== Segment start ==

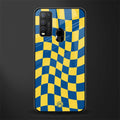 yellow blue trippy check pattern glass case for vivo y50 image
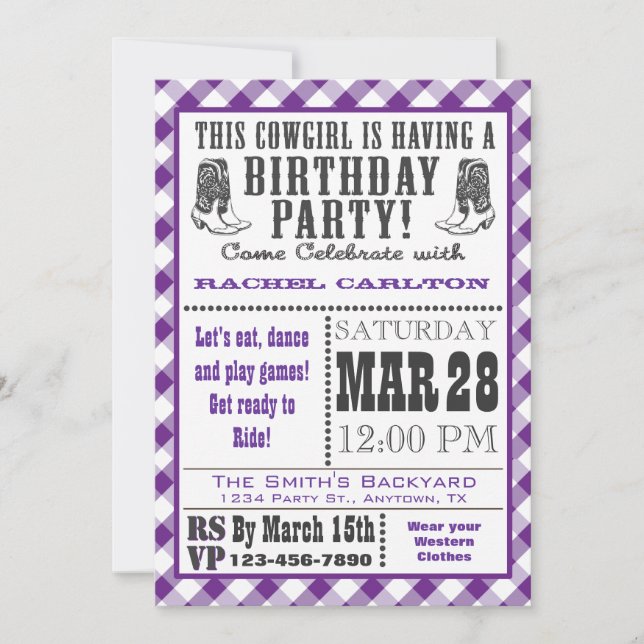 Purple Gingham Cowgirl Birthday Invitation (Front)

== Segment end ==
== Segment start ==

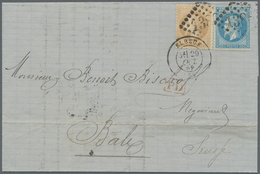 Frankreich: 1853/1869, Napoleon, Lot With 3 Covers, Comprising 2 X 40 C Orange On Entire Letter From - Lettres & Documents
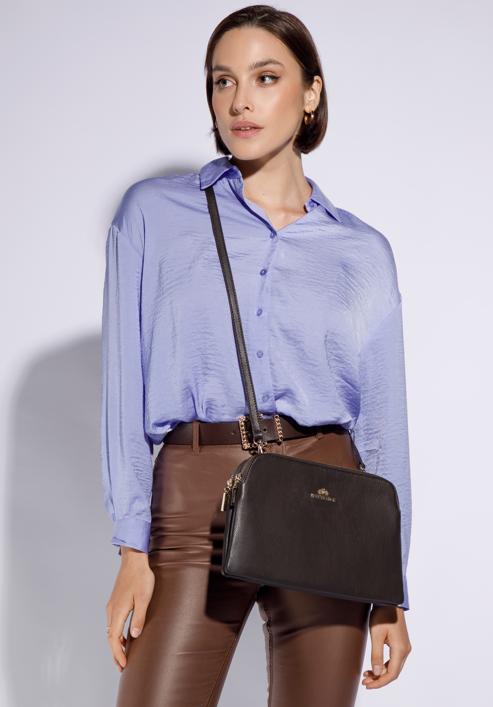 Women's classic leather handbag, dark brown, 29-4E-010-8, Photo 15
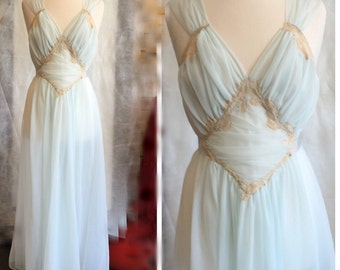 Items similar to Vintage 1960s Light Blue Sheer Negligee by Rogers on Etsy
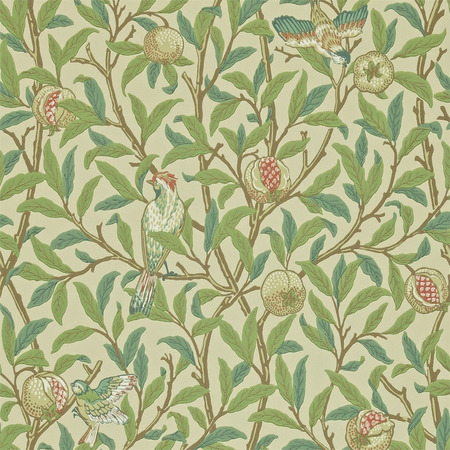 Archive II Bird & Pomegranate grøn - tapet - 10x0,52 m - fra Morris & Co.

== Segment end ==

Work to complete: Copy the entries above exactly, but only the stretch from the line containing "Items similar to" through the line containing "Archive II Bird". Keep both end lines; drop the pictures.

Task answer:
 Items similar to Vintage 1960s Light Blue Sheer Negligee by Rogers on Etsy
 Archive II Bird & Pomegranate grøn - tapet - 10x0,52 m - fra Morris & Co.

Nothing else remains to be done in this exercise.